Problem to work on
Omit all images, then repeat exactly the lines below from the one containing "NORDIC WALKING CON PAOLA A CANELLI" through the one containing "实习日记秦皇岛柳江盆地", both ends included.

Records to use

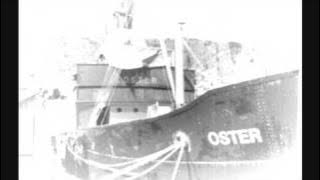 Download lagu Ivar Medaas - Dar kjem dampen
* * *
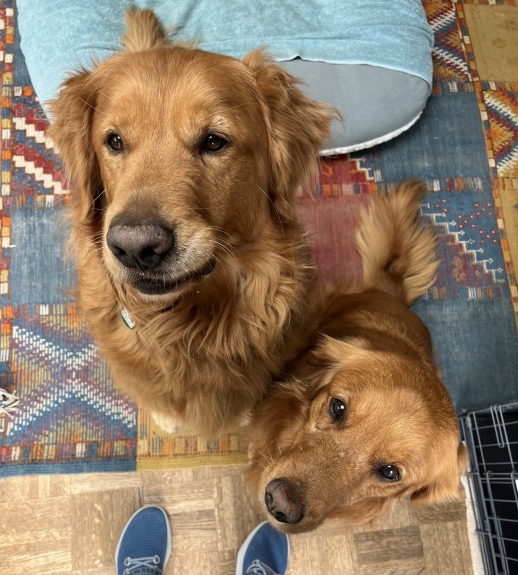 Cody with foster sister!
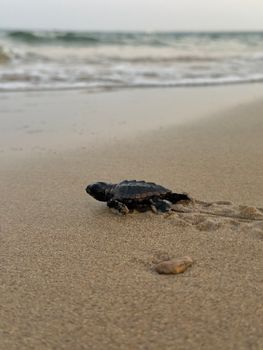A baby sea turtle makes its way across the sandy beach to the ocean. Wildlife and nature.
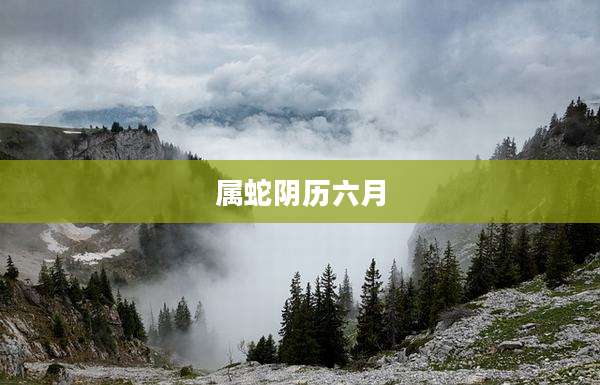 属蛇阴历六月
==
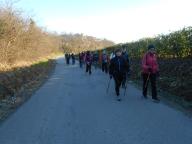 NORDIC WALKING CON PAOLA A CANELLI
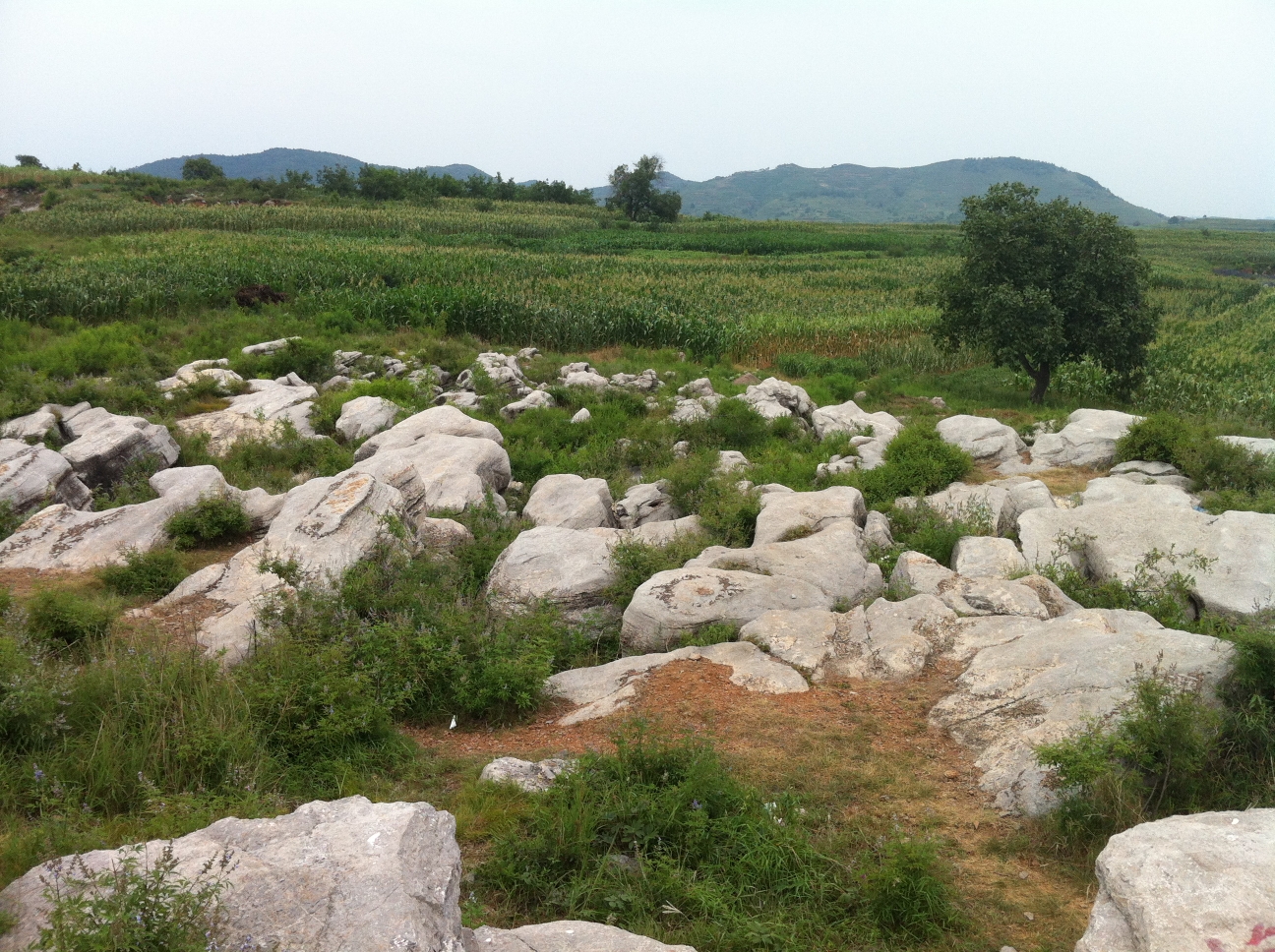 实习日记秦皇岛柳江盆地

Output of the task
 NORDIC WALKING CON PAOLA A CANELLI
 实习日记秦皇岛柳江盆地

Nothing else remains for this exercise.